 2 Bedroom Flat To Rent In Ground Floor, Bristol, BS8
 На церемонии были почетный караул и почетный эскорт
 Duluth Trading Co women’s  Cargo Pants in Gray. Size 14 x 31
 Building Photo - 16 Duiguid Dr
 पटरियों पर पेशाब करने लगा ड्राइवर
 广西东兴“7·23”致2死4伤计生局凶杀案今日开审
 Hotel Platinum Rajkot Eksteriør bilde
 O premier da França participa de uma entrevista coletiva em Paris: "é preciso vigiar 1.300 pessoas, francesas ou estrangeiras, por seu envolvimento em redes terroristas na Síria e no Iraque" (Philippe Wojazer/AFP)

...

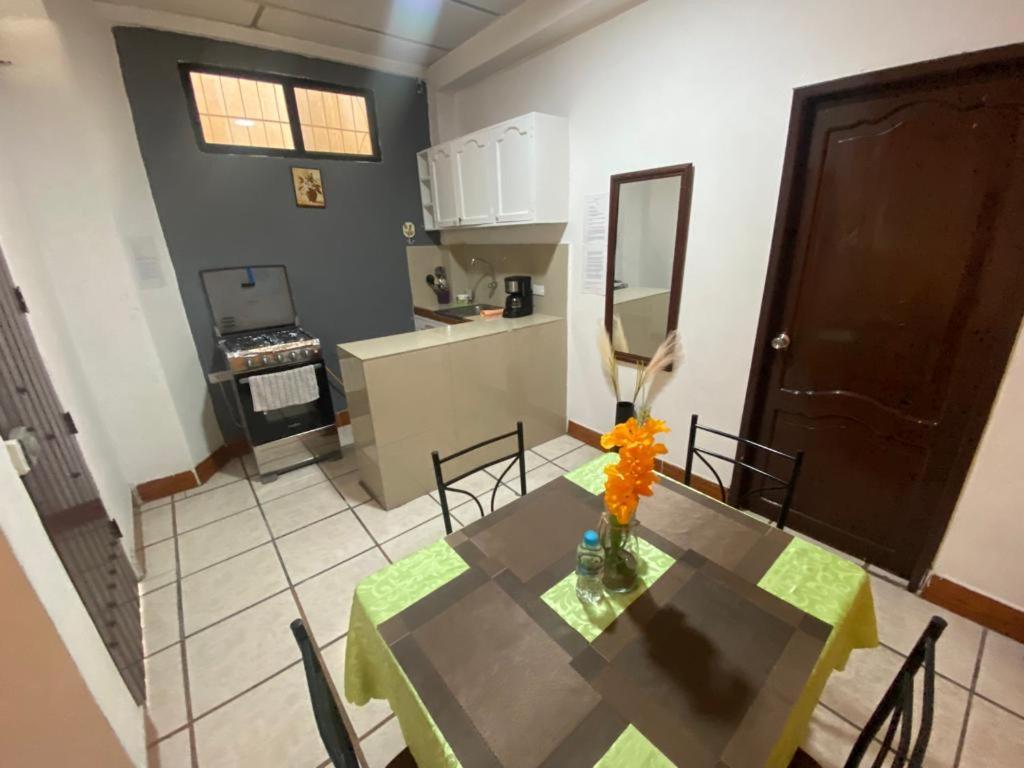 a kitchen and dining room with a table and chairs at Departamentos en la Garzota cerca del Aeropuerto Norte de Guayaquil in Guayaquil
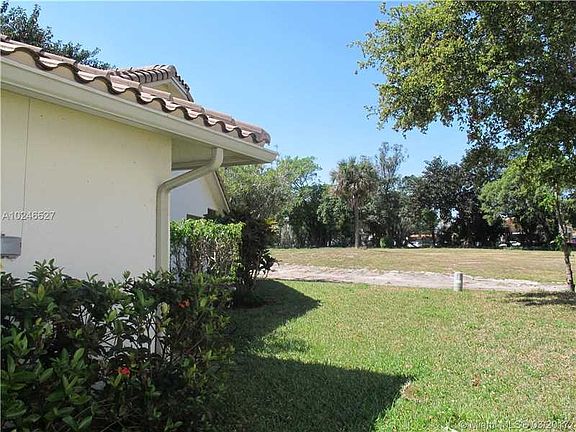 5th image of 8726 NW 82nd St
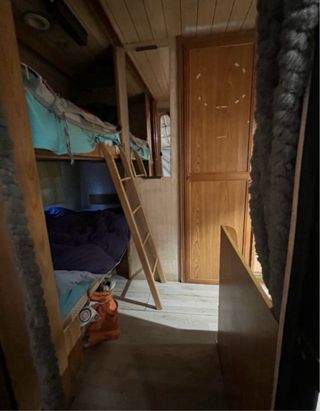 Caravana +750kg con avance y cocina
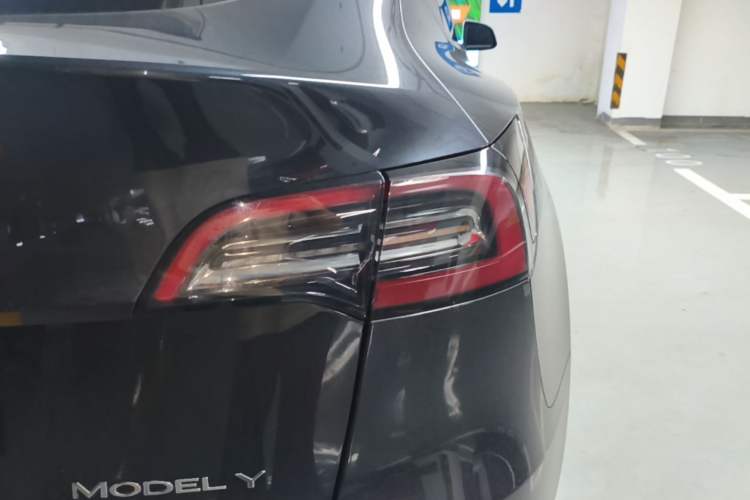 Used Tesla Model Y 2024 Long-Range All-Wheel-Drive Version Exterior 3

--

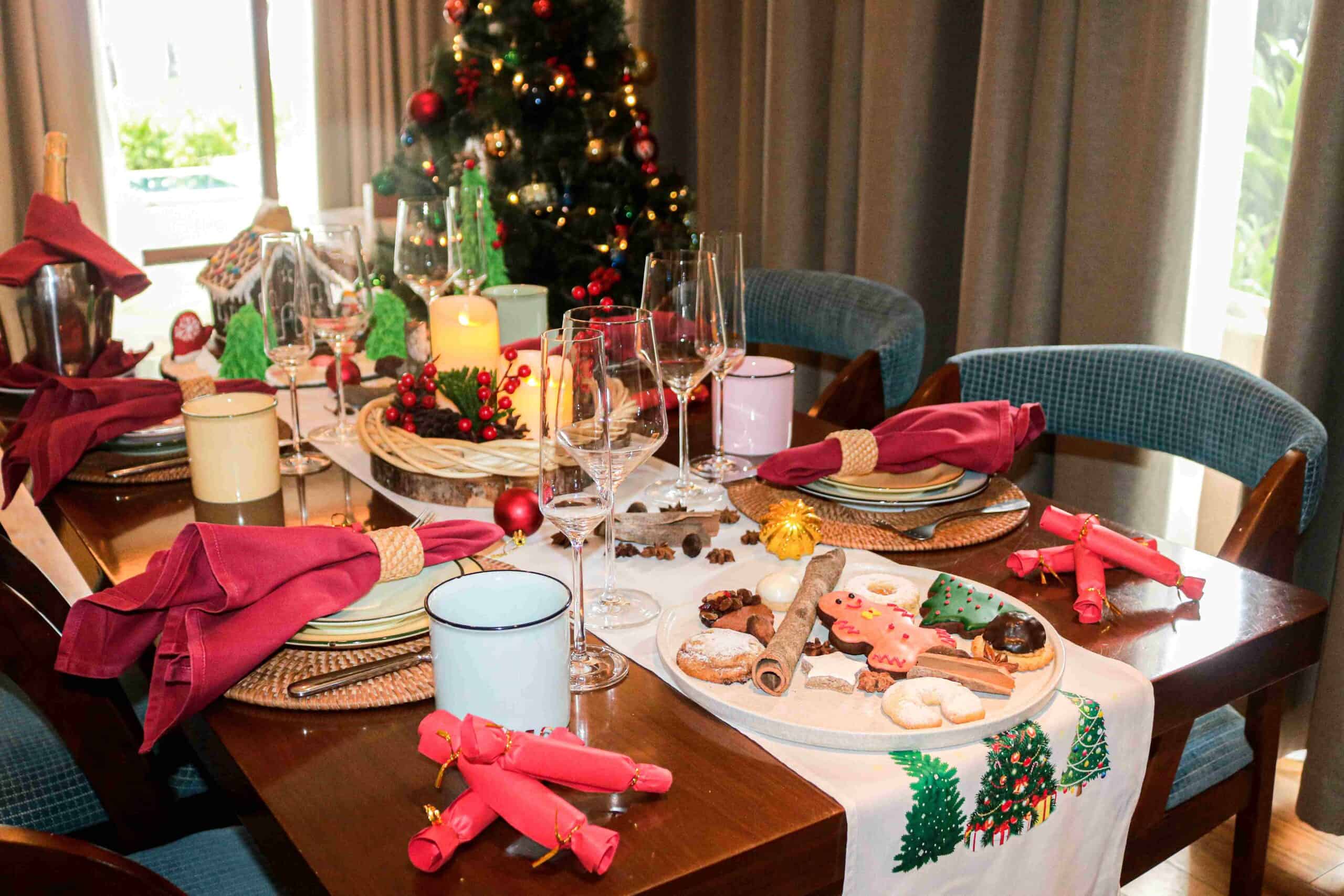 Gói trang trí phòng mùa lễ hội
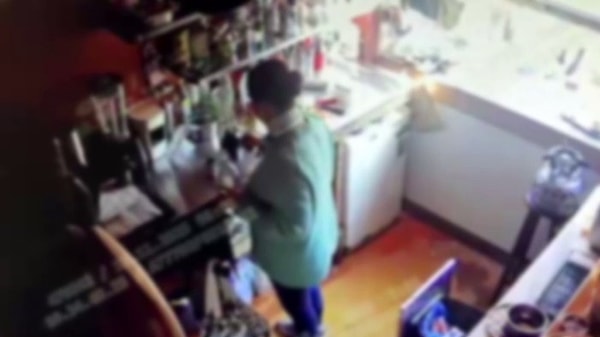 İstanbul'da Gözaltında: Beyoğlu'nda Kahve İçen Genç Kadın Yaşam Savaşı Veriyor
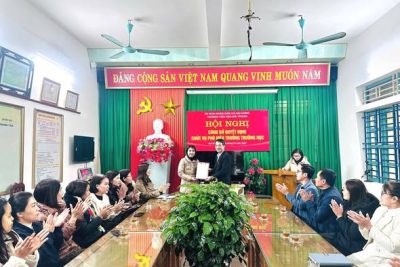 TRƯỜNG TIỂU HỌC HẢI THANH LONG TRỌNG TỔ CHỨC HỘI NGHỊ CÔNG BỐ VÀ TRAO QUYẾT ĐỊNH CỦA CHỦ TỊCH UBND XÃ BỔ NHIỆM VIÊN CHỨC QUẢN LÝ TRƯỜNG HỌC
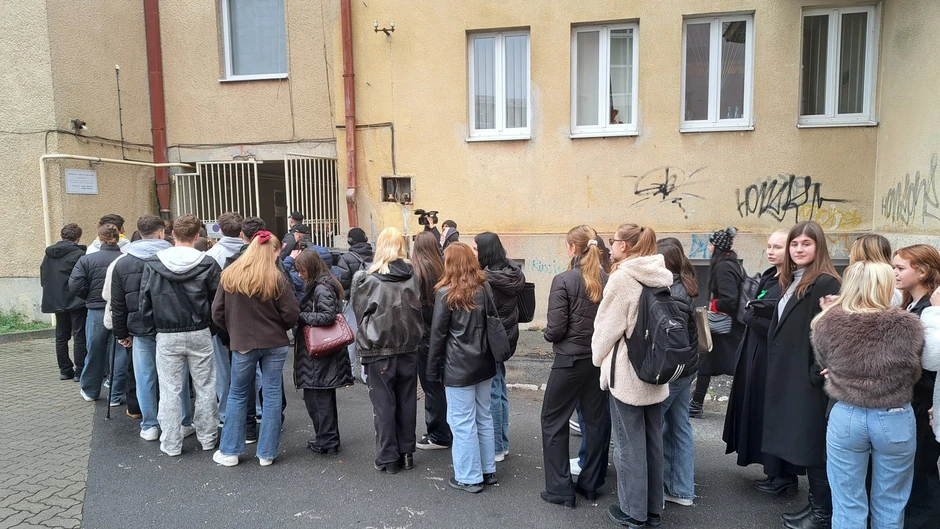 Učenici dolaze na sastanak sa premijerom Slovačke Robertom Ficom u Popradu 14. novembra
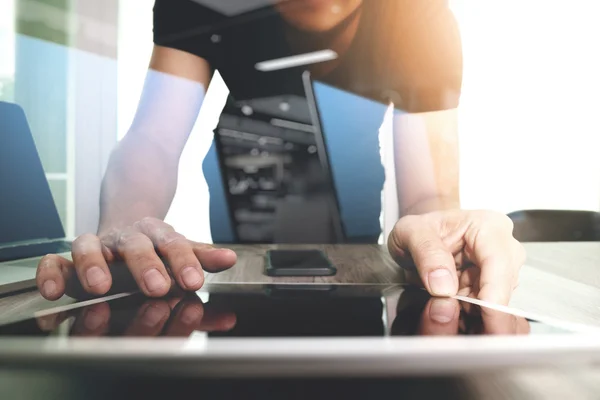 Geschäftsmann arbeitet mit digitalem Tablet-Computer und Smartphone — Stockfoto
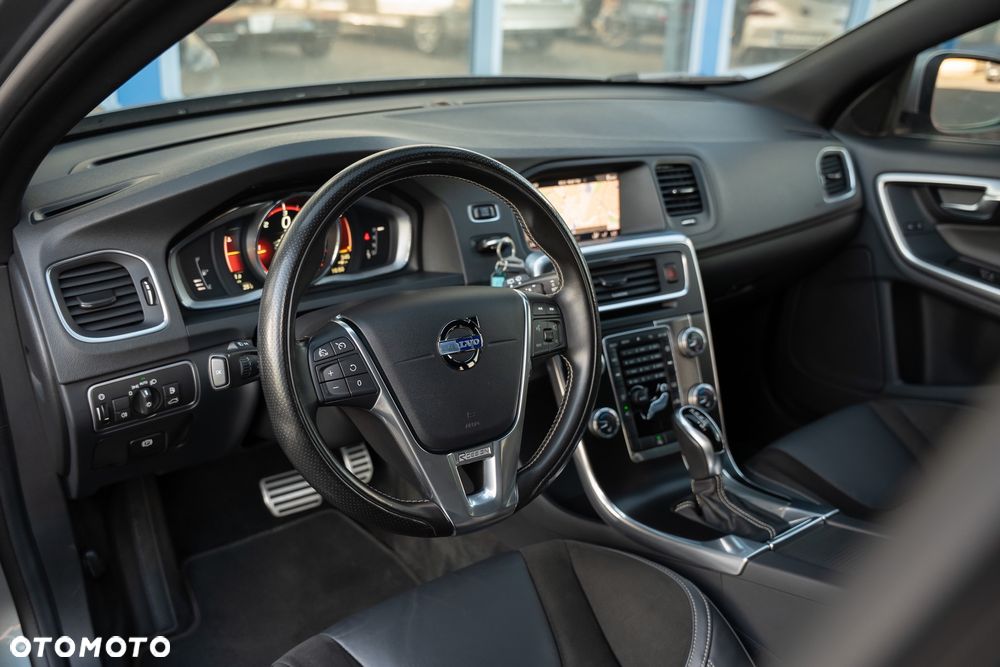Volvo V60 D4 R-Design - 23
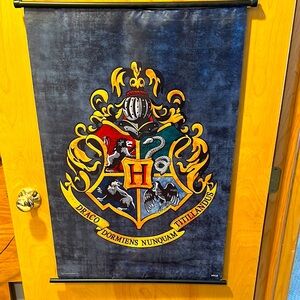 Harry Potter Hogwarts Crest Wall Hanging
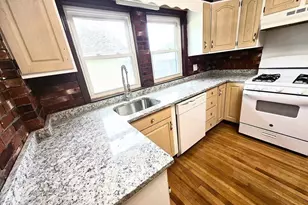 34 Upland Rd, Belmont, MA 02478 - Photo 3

EXERCISE DIRECTIONS
Copy exactly the lines of the listing above between the one holding "Učenici dolaze na" and the one holding "34 Upland Rd, Belmont, MA 02478 - Photo 3", inclusive; omit all pictures.

RESPONSE
 Učenici dolaze na sastanak sa premijerom Slovačke Robertom Ficom u Popradu 14. novembra
 Geschäftsmann arbeitet mit digitalem Tablet-Computer und Smartphone — Stockfoto
Volvo V60 D4 R-Design - 23
 Harry Potter Hogwarts Crest Wall Hanging
 34 Upland Rd, Belmont, MA 02478 - Photo 3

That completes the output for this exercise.